How to teach history’s complexity?
Surrounded by sagebrush and vast plateaus, more than 70 teachers from across the country gathered in rural Wyoming in June to strategize about how answer that question. The Landmarks of American History and Culture workshop, sponsored by the National Endowment of the Humanities, is the latest effort to help educators better teach the legacy of Japanese American incarceration during World War II.
Teachers learn to sift through vast archives of primary source material, take tours of the Heart Mountain Interpretive Center’s museum and the camp’s original structures, and participate in sessions featuring former incarcerated people, their descendants, and education experts on best instructional practices—building up a base of knowledge to take back to their classrooms.
Eleven states across the country have passed mandates to teach Asian American history in public schools, with others contemplating similar proposals.

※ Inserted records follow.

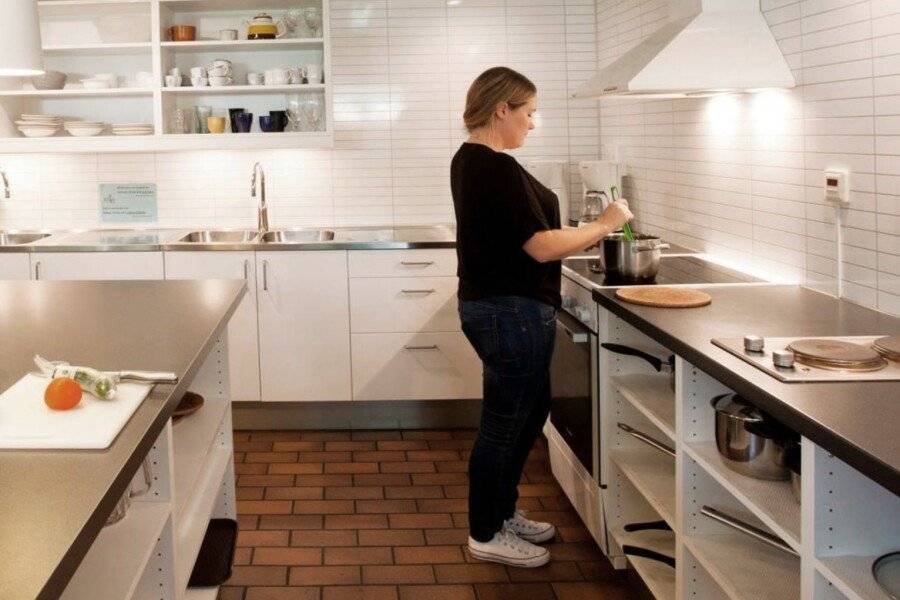 Kvibergs Vandrarhem - Hostel kitchen,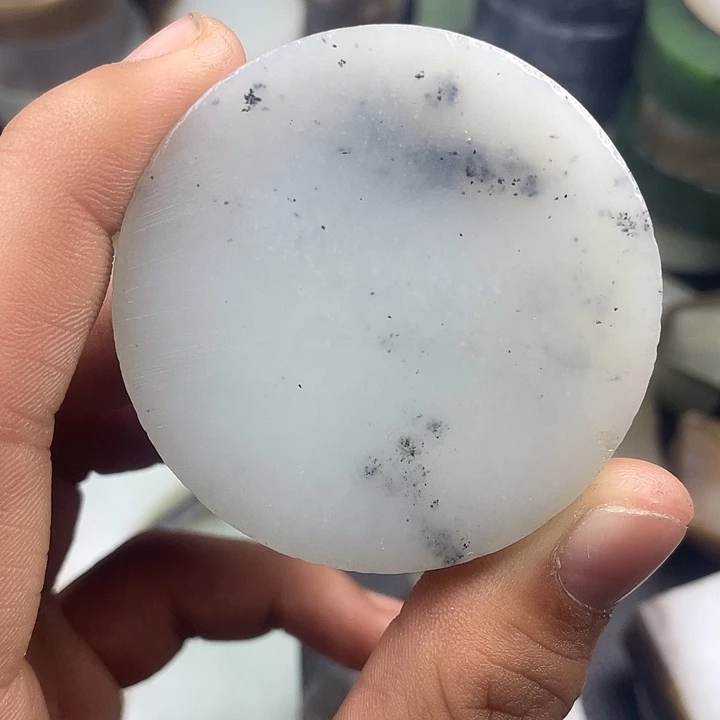 用***5和田玉未镶嵌颈饰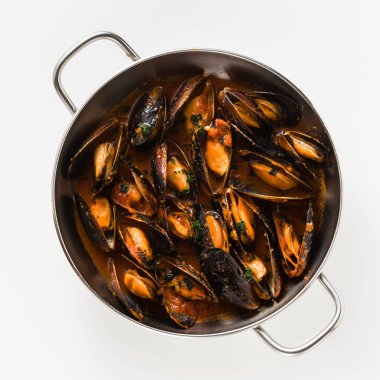 taze pişmiş bir tavada domates soslu midye. pepata di cozze veya midye marinara. Akdeniz İtalyan mutfağının klasik yemek. beyaz izole
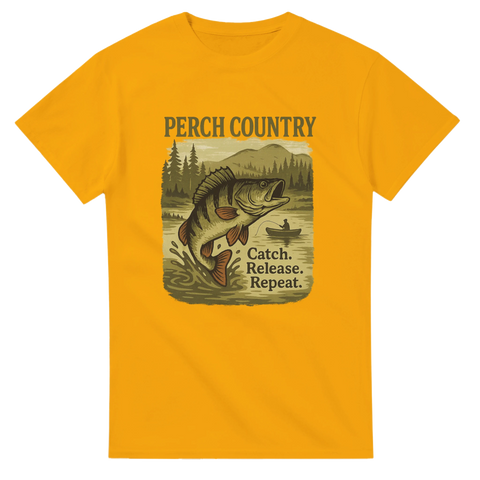 Gul t-shirt med abborre som hoppar framför skogssjö, text "Perch Country – Catch. Release. Repeat."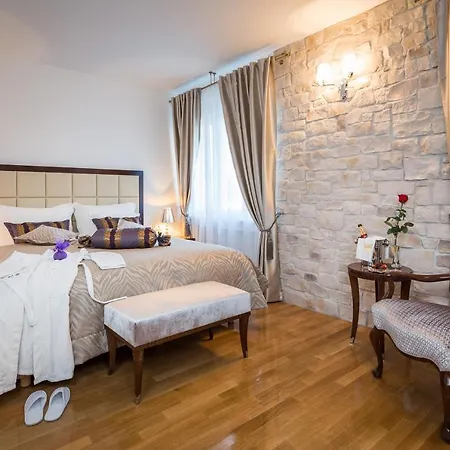 Hotel Priska Heritage 4*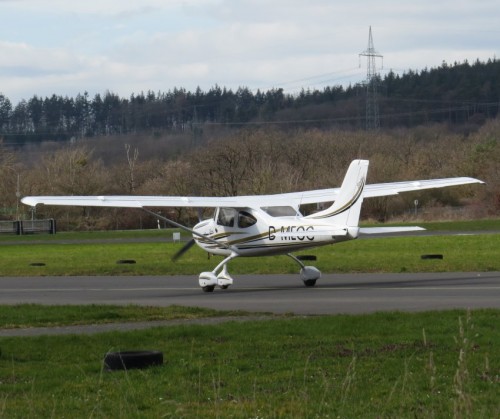 SmallAircraft-D-MEOC-04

Japanese American incarceration during World War II is a pivotal touchpoint that advocates for the new standards say is necessary to understand a fuller Asian American history.
But such a quick expansion of new curricula can be daunting for teachers. That’s where Tyson Emborg, the Heart Mountain master teacher, hopes that this workshop and others like it can assist educators.
“The story isn’t as easy as it’s often written in a textbook,” Emborg said. “Our intent was to create a workshop that gives people an understanding of those broader standards as they’ve been identified.”
Emborg, who’s also a curriculum coordinator for the Douglas County district in Colorado, said many teachers he’s talked to primarily want guidance to make sure they accurately reflect the history in their lesson planning. Part of that instruction, he said, involves pedagogy and terminology, such as using the word incarceration rather than the more benign-sounding term internment to and avoiding “imagine this” lessons.
“It’s very important for teachers to learn how to teach this topic and what works for their classroom because they know their students more than anyone,” said Sybil Tubbs, Heart Mountain’s education manager. “Heart Mountain is filling those gaps in so many ways.”
Although the workshop is focused on history, it’s not just for history teachers. Part of the workshop’s goal is to help teachers across subjects and grade levels find an angle to introduce Japanese American incarceration history into their respective subjects. One math teacher will examine how the federal government came up with $20,000 per surviving incarceree in reparations for Japanese Americans in the Civil Liberties Act of 1988. An English teacher plans to use the poetry created at Heart Mountain.
For Leslie Gore, an art teacher at the University School in Tulsa, Okla., the workshop was an opportunity to weave together curriculum and personal history. Gore’s parents, uncle, and grandparents were incarcerated at Heart Mountain. She had visited the site before, but this is the first time she looked at it through a teaching lens—and the first professional development workshop she’s attended in her teaching career.
“I’m here to learn, to build something that’s going to be purposeful, which really resonates with who my mother was,” Gore said. “Not only am I here to honor her legacy and to feel her spirit, but I’m also here to do what she would want me to do.”
In the past, Gore’s students have created pipe cleaner flower bouquets similar to those incarcerees made at Heart Mountain during celebrations. Origami cups, fan-folded books with painted pictures, and stamps are other projects Gore created with her students stemming from her family’s story. Through the Heart Mountain workshop, she’s excited to be able to tie a more concrete history to the art.
“You’re teaching sculpture but it’s the story that started it off. … We’re thinking about what happened in history and we’re thinking about Mrs. Gore’s story,” she said. “And being able to teach this history and this story, especially in a very creative way, it has a lot of meaning.”